What to Wear: Why Mormon Feminism is Barking up the Wrong Red Herring

Have you seen this?

Good. Your mind is a little broadened to the variety that is feminism.

I'm a feminist too! And these are just some of my ideas about feminism and clothing.

Let me tell you EXACTLY why I will not be bifurcating my outer clothing at church this Sunday. And why I'd love it if some people did.

They're right: we, as a culture, don't accept diversity very well, despite God's frantic admonitions. Our bad. So if you see a woman wearing pants to church, revel in it. Her courage, or diversity, or whatever she is being/expressing, is awesome, even if she's just expressing that she didn't get all her laundry done that week. We've all been there. I wore flip-flops a couple of times because I had forgotten to travel with shoes. Nobody cared. Okay, one little girl asked, but her mother defended me.

If you want to worship somewhere with a dress code, there's always the Temple, where diversity is very much beside the point, and where we embrace the things that make every person equal - our status as children of God, and our will to return to Him someday. The Temple is a place to discard worldly differences like income, fashion, age, and background (class, ethnicity, nationality, language, etc).

Church could be as Celestial, in my opinion, but for now, we attend our weekly services still steeped in the nonverbal and verbal rhetoric of our earthly existence. And that includes our clothes.

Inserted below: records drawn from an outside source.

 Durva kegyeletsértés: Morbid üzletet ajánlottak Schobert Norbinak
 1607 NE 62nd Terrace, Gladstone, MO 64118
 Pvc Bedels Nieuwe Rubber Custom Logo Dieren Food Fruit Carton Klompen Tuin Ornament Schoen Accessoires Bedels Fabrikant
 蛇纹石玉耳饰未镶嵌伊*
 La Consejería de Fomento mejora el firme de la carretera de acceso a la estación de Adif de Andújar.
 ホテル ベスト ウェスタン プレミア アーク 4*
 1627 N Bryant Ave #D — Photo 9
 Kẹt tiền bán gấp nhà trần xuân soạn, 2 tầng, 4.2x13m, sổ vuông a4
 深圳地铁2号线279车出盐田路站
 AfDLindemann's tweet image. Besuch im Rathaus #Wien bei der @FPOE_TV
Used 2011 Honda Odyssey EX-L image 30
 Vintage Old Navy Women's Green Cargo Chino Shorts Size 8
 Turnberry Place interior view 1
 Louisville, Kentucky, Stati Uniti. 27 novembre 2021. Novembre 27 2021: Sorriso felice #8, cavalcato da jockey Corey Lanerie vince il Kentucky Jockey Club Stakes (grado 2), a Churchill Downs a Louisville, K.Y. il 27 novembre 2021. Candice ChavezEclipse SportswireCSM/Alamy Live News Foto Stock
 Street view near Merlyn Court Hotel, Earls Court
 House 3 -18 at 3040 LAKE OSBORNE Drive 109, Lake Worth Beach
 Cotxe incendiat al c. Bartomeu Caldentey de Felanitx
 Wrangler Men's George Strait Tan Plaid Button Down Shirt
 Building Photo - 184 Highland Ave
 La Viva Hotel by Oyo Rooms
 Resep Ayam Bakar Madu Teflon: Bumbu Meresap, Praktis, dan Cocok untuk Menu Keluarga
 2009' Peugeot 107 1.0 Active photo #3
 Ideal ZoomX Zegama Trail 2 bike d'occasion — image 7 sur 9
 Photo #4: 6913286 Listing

One of the things that this controversy really awakens, is an awareness that our clothing doesn't communicate clearly. Feminists interpret skirts to mean subjugation, or conformity. The responses seem to indicate that others interpret skirts to mean girl power, or just girliness. Neither of these interpretations is an ideal message to be sending. Neither do I think they're precisely true.

The tacit female "dress code" is actually a LOT more loose than the male dress-code. Men are expected to wear dark suits, ties, and white shirts, especially if they are administering ordinances. Some of them kick the code, but nobody grouses too much. I've seen (and encouraged) men attending in jeans and work shirts. I've known them to attend the temple that way, when it was necessary. How you look walking in doesn't matter as much as people might think.

That the men's dress code is MUCH more specific than simply "skirts or dresses," still leaves the code different for men and women. Nobody mentions colors, cuts, lines, fabrics, accessories (can you IMAGINE!?), or anything but modesty* to women of the church, for one very good reason. The rhetoric of our clothing, while communicating complex and often confusing messages to our friends in and out of the church, is meant for someone else entirely.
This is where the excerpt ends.